The Ride Home

August 2012

image_6In the 1989 Steve Martin film, Parenthood, Grandma (Helen Shaw) uses the roller-coaster as a metaphor: “…that a ride could make me so frightened, so scared, so sick, so excited and so thrilled all together. Some didn’t like it. They went on the merry-go-round. That just goes around… nothing… I like the roller-coaster. You get more out of it.”

So you made the commitment to join a non-profit board/volunteer committee/ community project. Someone likely caught you at a generous moment, set the hook, got you started, and you are well into the process. Now the wheels are starting to fall off the roller-coaster. Challenges are mounting, your blood pressure is rising. You say to yourself, “Remind me again, why did I agree to do this?”

Isn’t it inevitable? In so many projects, after the forming comes the storming and then the questioning. Even when you can name a dozen good reasons why you joined this particular cause, you are now having serious doubts.

“Everything can look like a failure in the middle”, says Harvard Professor Rosabeth Moss Kanter. And, from Richard Brown, captain of the schooner America, to Prince Albert of England, 1851, “No one would ever have crossed the ocean if he could have gotten off the ship in a storm.”

Abandon ship, or stay the course? Read on.

Random thoughts on the ride to the meeting: “Why did I sign up to be on this non-profit board/committee/you name it? I have way too much work to do. I’m over committed. This ______ is in the middle of another disaster, and I just don’t have the time or the energy for all that’s on my plate now.”

And on the ride home…. “This organization really does need me, and I guess I need what it gives to me. I think we can get through this challenge. I’m tired, a bit frazzled, but I’m still feeling optimistic and emotionally connected to both the cause and the people. When all is said and done, I’m glad I chose to do this. This work matters.”

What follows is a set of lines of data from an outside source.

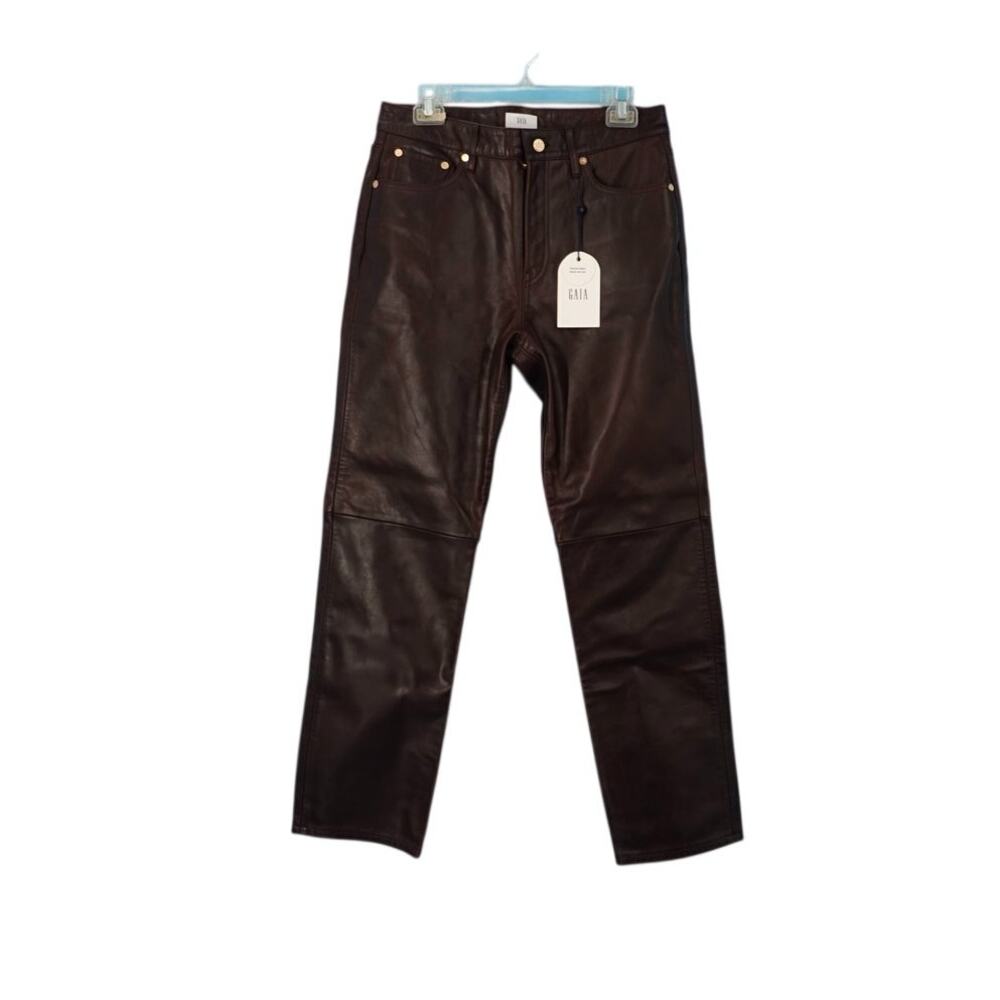 NWT Cult Gaia X Gap Brown Leather Pants Size 8
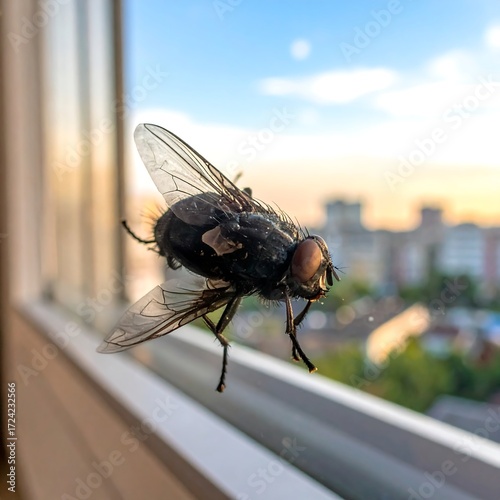 Fly on window with city view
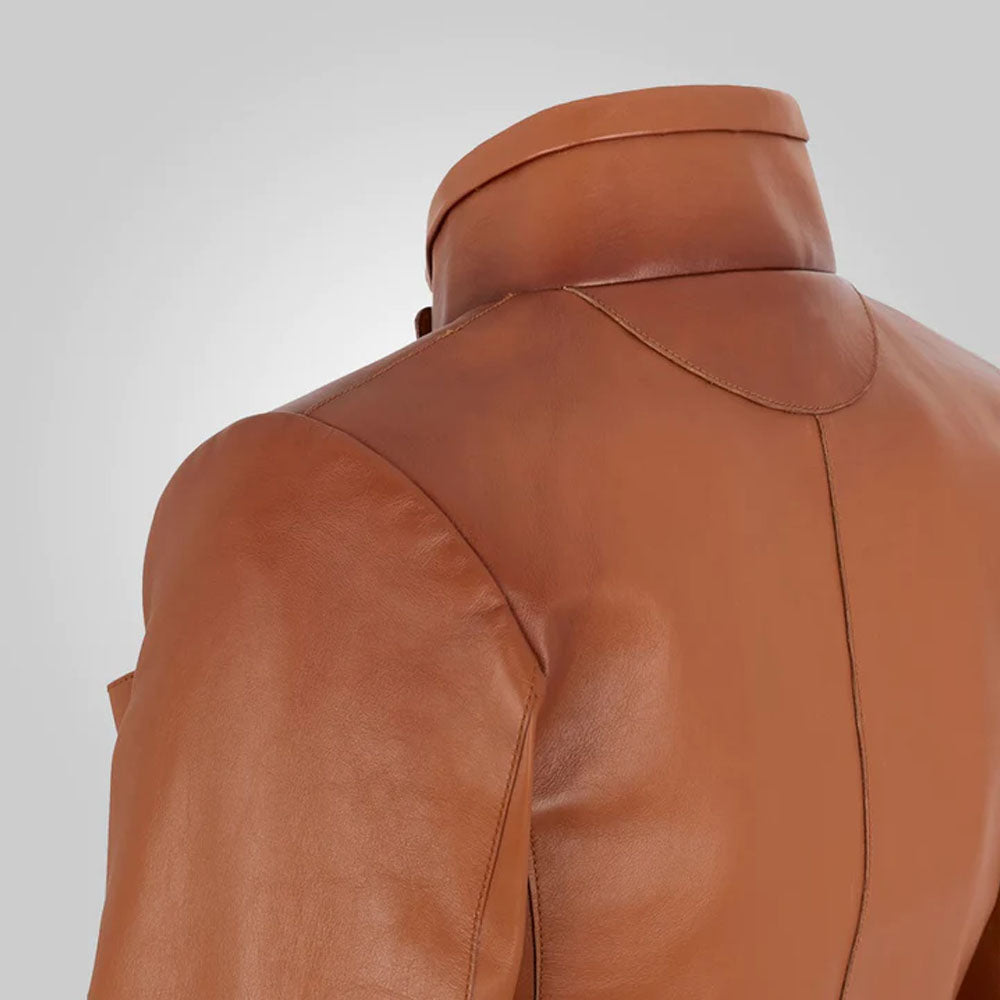 Women Sheepskin Cropped Brown Leather Jacket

Does this sound vaguely familiar? Could this be you, frustrated and impatient before the meeting, more at peace afterwards (not just relieved that it is over)? Two years ago Charlie Maxwell, CEO of Meristem, a Multifamily Office, shared this insight with me: “Why not think about the ride home during the ride in to those meetings?”

At the time, I was groping for a strategy for coping with the “messy middle” of a project I had committed to. I decided to try Charlie’s suggestion, and remembered his words on the way in to a particularly challenging meeting. Speeding along in my car, just ten minutes from the start of the meeting, I imagined, and I felt, the ride home.

At the stoplight I closed my eyes and started looking into the faces of each member of the group. Soon I was smiling. We were thanking each other for what we had just accomplished, for the generosity, for the commitment. I was amazed at how good I felt on that ride in, and the next. When the meeting began, my blood pressure was lower, my optimism and patience higher.

I hope this bit of advice can help you hang in there when you face a similar challenge. The next time you find yourself cursing your way to that volunteer engagement, think about the ride home. It may seem simplistic, and it won’t work all the time, but it is worth a try if you are pulling your hair out and need to see with different eyes.

Community service of all kinds is good for the spirit, good for the soul, good for making connections, good for finding purpose and contribution both when you are gainfully employed and when you are not (most of my clients are executives in transition, and I always encourage volunteerism).